12-16, 15:15–15:30 (Asia/Bangkok), Auditorium Hall 2
In recent years, the availability of geospatial data has significantly increased, with aerial photographs and Digital Elevation Models (DEMs) becoming widely accessible as open data. Additionally, the acquisition of high-resolution image data through drones has become more feasible and commonplace. However, extracting meaningful information from these vast datasets remains a labor-intensive process, often requiring significant time and resources.

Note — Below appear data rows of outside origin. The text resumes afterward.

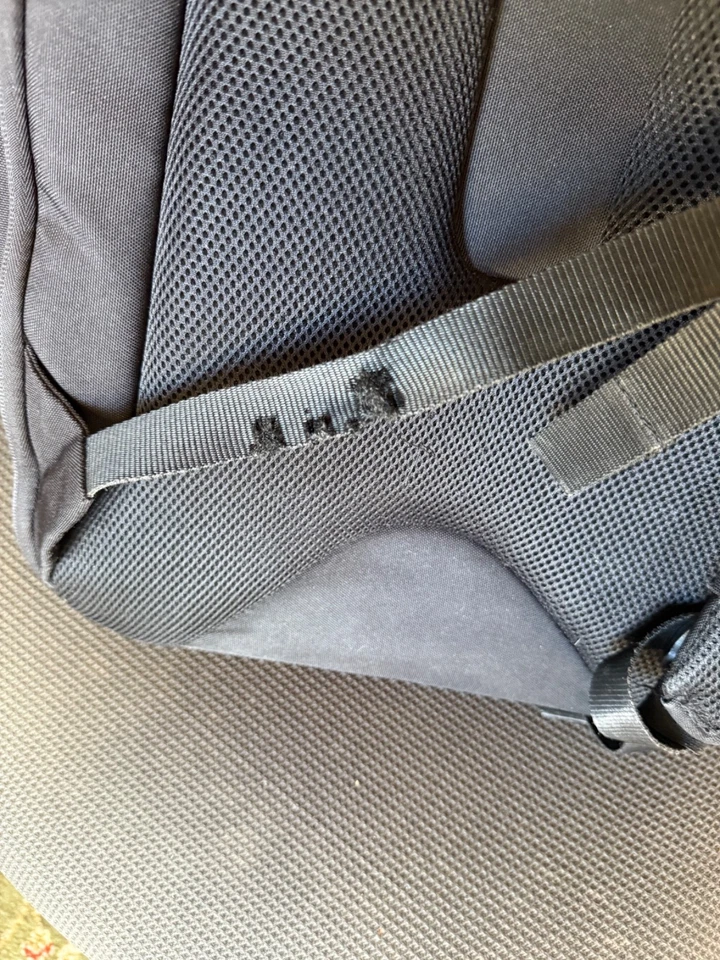 CRUMPLER Dry Red No 5. 17lt slight damage on the harness strap - image 3 of 3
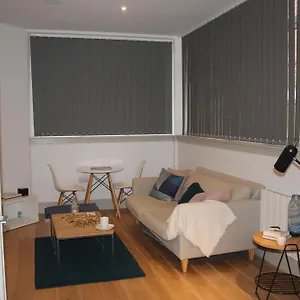 Entire Flat Near Bridge Apartment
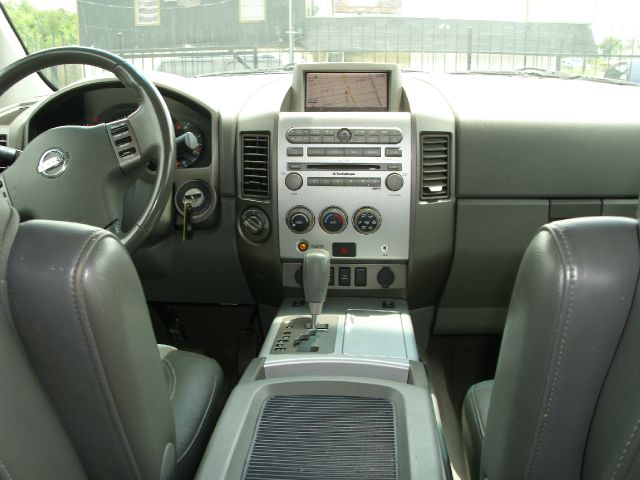 2005 Nissan Titan GLS Touring A/T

While various deep learning techniques have been employed to address this challenge, they typically demand extensive effort in collecting and preparing training data. In light of these constraints, the Segment Anything Model (SAM) has emerged as a promising solution. SAM, a recent development in the field of fundamental models, offers the advantage of zero-shot classification without the need for specific training. Moreover, its Apache-2.0 license ensures accessibility for a wide range of applications.
This presentation aims to demonstrate the potential of SAM in the realm of geospatial information processing. We will showcase practical applications of SAM in analyzing geospatial data, with a focus on two critical areas: landslide detection and forest canopy mapping. These case studies will illustrate how SAM can efficiently process and extract valuable insights from complex geospatial datasets, potentially enhancing the efficiency and effectiveness of our approach to environmental monitoring and disaster risk assessment.